L’identification de Mahomet comme Antéchrist est
curieusement tardive : nous avons vu plus haut que Betaus de Liébana, qui
commente l’Apocalypse dans la seconde moitié du huitième siècle, ne fait aucune
allusion à la domination des musulmans, qui occupaient encore une bonne partie
de la péninsule ibérique. Son commentaire reste de nature morale et symbolique,
évitant les applications historiques.
Les mille ans sont pour lui la période entre les deux
venues du Christ, avant une brève domination de l’Antéchrist. Ce commentaire,
qui contient plusieurs traits communs du portrait de l’Antéchrist, sera
largement diffusé. Moins connues, les lectures de Saint Euloge et de Paul
Alvarus de Cordoue, au neuvième siècle, font place à Mahomet, mais seulement
comme précurseur de l’Antéchrist ; selon les calculs d’Alvarus, la ruine
de l’islam est proche car son règne était prévu pour 245 ans, selon la périodisation
du Livre de Daniel : « trois temps et demi », interprétée pour
des périodes de 70 ans. Écrivant en 854, fixant vers 618 le commencement de
l’ère musulmane, il pouvait penser que la fin du monde était proche. Par une
curieuse coïncidence, l’émir de Cordoue, Abd er-Rahman III mourut en 852 ;
Mahomet I lui succéda et le nom du nouvel émir fut aussitôt interprété comme un
signe eschatologique.
Alvarus note enfin que M.ahom.et serait mort en 666, le
chiffre de la Bête.

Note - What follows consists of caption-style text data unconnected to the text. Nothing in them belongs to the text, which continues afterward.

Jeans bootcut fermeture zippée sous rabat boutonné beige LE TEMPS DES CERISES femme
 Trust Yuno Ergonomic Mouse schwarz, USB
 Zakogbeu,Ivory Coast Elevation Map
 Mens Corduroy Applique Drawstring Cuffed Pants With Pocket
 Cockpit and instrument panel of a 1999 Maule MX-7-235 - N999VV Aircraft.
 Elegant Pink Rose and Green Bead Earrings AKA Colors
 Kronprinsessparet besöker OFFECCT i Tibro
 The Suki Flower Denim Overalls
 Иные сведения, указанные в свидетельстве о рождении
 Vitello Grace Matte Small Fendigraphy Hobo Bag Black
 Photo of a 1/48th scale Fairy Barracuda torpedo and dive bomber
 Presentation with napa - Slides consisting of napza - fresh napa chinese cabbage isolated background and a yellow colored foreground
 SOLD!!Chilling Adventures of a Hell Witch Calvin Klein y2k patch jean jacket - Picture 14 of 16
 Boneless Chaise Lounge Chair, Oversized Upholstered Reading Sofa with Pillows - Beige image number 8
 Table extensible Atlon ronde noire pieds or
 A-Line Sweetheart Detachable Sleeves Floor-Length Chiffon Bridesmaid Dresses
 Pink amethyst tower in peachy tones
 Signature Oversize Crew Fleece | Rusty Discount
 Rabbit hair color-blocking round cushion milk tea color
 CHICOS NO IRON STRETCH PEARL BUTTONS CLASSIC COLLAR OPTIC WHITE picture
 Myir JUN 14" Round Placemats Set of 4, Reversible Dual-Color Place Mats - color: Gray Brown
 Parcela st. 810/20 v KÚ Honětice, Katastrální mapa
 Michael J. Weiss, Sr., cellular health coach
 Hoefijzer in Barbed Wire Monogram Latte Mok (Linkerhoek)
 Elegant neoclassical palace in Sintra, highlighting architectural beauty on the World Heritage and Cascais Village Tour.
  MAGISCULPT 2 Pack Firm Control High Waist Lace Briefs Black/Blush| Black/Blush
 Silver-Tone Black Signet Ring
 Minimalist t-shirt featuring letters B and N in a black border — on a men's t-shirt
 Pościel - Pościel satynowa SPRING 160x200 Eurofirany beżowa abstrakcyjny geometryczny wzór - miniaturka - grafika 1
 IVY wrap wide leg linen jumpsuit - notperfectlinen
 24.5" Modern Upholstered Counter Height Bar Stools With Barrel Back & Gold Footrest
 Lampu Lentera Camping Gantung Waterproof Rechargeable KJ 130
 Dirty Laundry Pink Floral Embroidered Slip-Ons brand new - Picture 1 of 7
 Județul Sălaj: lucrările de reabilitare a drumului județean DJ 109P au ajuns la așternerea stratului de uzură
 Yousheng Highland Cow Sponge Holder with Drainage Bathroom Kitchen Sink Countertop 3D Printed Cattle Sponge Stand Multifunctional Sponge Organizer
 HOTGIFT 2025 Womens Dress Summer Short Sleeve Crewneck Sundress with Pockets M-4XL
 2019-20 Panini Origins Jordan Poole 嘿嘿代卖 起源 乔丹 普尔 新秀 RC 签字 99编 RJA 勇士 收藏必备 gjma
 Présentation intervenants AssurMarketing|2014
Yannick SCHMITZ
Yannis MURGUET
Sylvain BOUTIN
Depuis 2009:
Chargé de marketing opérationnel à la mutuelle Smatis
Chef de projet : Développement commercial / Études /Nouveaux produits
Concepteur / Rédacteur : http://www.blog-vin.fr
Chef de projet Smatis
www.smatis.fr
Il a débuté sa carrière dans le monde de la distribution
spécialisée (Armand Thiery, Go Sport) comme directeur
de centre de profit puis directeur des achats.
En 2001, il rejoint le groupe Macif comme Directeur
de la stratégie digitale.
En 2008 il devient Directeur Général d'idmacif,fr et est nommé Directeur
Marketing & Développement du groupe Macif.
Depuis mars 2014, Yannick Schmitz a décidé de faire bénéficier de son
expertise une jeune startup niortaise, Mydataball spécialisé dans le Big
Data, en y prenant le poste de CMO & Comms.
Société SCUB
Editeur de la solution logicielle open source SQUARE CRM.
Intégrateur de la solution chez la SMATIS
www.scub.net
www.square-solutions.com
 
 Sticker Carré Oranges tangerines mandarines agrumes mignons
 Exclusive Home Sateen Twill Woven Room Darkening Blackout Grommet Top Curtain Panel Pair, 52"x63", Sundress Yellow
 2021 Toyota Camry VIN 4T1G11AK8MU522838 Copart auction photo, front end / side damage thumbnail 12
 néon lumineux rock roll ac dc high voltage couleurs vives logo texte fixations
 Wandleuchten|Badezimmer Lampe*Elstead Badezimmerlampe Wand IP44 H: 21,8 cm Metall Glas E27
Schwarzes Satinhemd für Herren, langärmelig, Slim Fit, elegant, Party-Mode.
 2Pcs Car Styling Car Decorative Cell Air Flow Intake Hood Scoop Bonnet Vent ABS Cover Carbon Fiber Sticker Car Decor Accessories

Ce comput repose sur l’ère d’Espagne, qui avait 38 ans
d’avance sur l’ère romaine, et Alvarus le trouvait dans une Vie de Mahomet
écrite en Espagne, et qui a circulé sous des formes différentes : Euloge
dit qu’il l’avait trouvée au monastère de Leyra en Navarre, près de Pampelune.
Le Livre des Figures, une compilation de dessins
symboliques de Joachim de Flore, avec des textes qui semblent avoir été réunis
par ses disciples après sa mort, identifie les sept têtes du Dragon (Apocalypse
12) avec sept « mauvais gouvernants » : Hérode, Néron,
Constantin l’Arien, Mahomet, Messemoth (probablement un roi d’Afrique du Nord),
Saladin et « le septième roi qui est proprement appelé l’Antéchrist, bien
qu’il y en aura un autre comme lui, tout aussi mauvais, symbolisé par la
queue. »
La description de Joachim de Flore s’accordait avec sa vision de l’Histoire : une venue prochaine de l’Antéchrist, suivant de près les persécutions des chrétiens par son contemporain Saladin, puis sa défaite et le triomphe de l’Esprit, le troisième âge du monde. Cette dernière période de l’humanité viendrait à terme sous la persécution de Gog, prophétisée par la queue du Dragon au sept têtes.